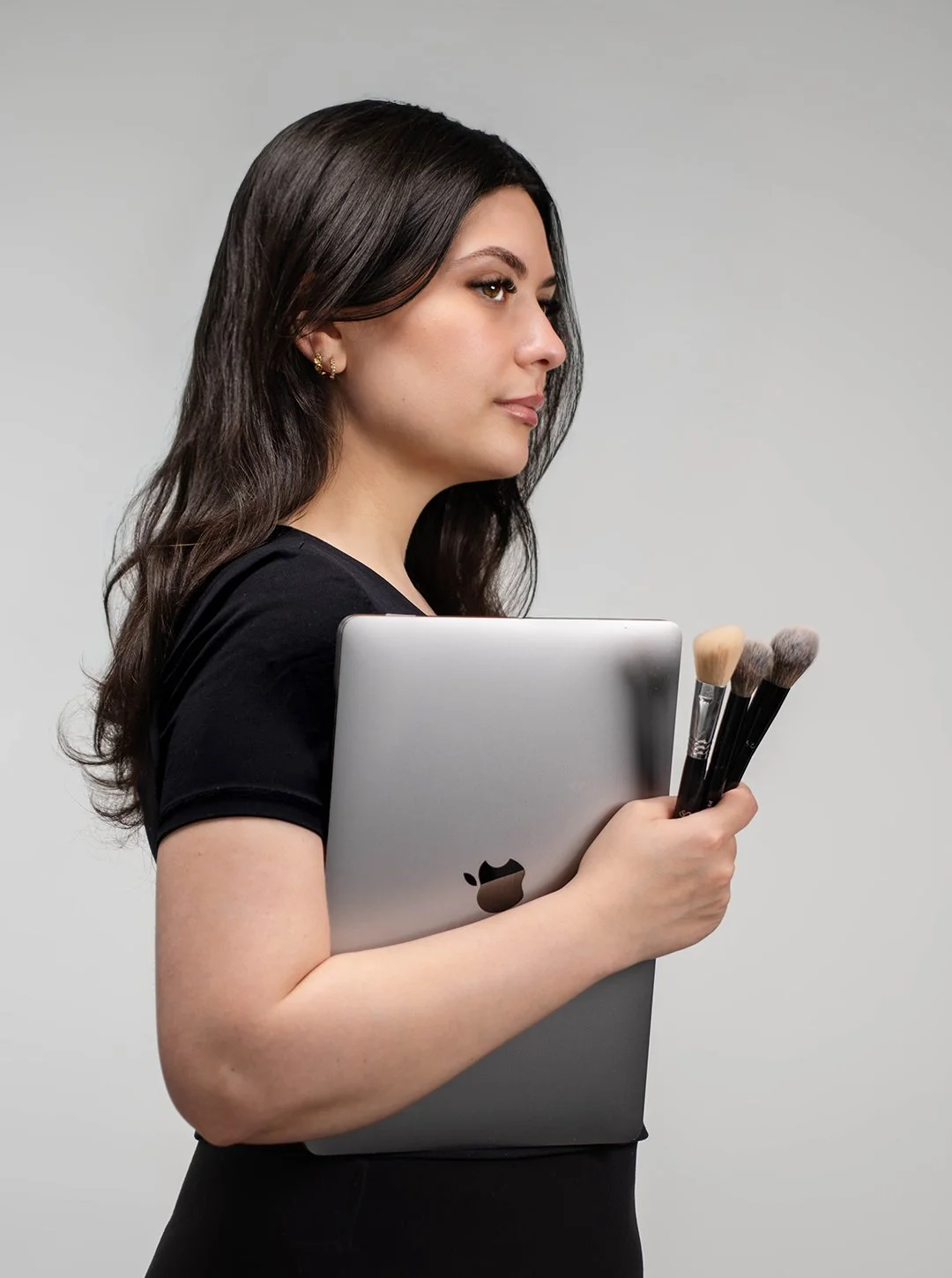 Woman with dark hair holding a silver MacBook and makeup brushes, wearing a black top, against a plain background.
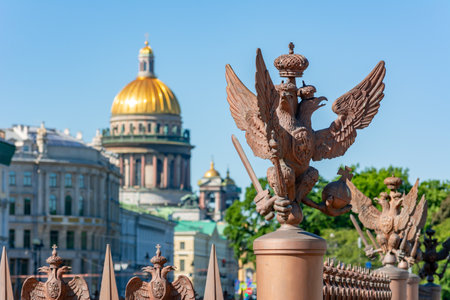 Sculptures of eagles at Alexander column on Palace square with St. Isaac's cathedral at background, Saint Petersburg, Russiaのeditorial素材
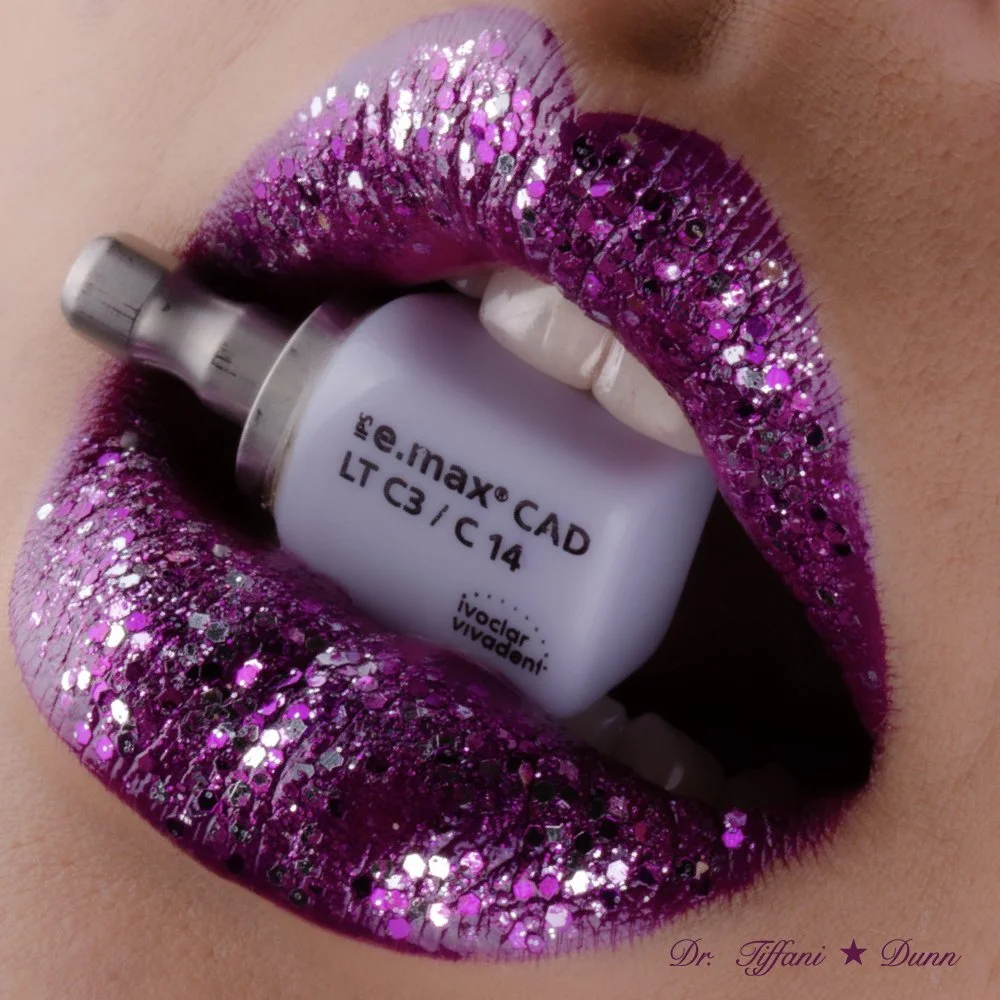 Close-up of lips with purple glittery lipstick holding a small white vial between teeth.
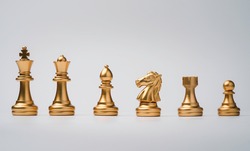 Golden chess include king queen horse ship and pawn on white background.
****************************************
→ Work required
Reproduce the whole listing above word for word, dropping each image.

→ Exercise response
 Woman with dark hair holding a silver MacBook and makeup brushes, wearing a black top, against a plain background.
 Sculptures of eagles at Alexander column on Palace square with St. Isaac's cathedral at background, Saint Petersburg, Russiaのeditorial素材
 Close-up of lips with purple glittery lipstick holding a small white vial between teeth.
 Golden chess include king queen horse ship and pawn on white background.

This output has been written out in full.